(Supplied material begins)

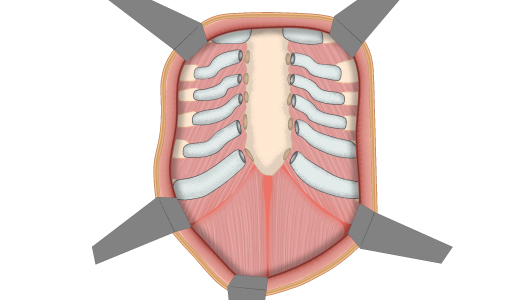 Disegno dell'operazione tecnica Ravitch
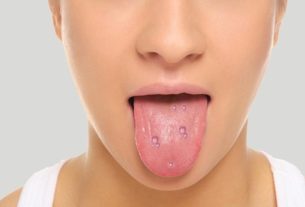 If you have are troubled with Mouth blisters, use home remedies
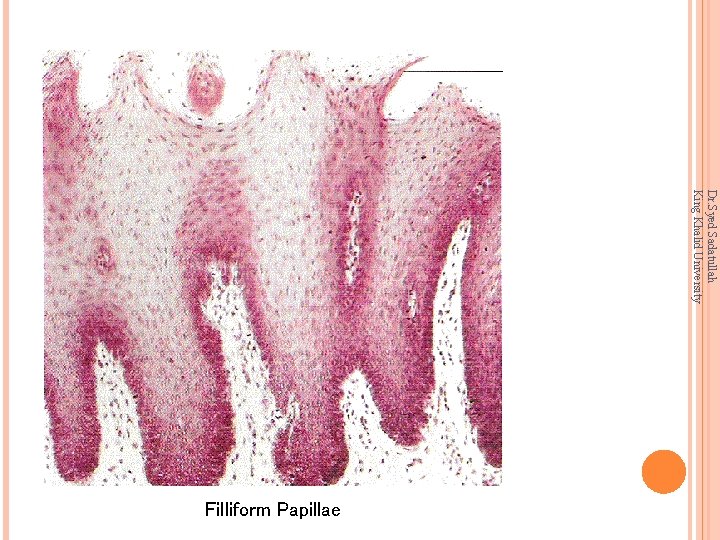 Dr. Syed Sadatullah King Khalid University Filliform Papillae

(Supplied material ends)

What this task involves: Give the data again exactly as written, with all pictures left out.

Written reply:
 Disegno dell'operazione tecnica Ravitch
 If you have are troubled with Mouth blisters, use home remedies
 Dr. Syed Sadatullah King Khalid University Filliform Papillae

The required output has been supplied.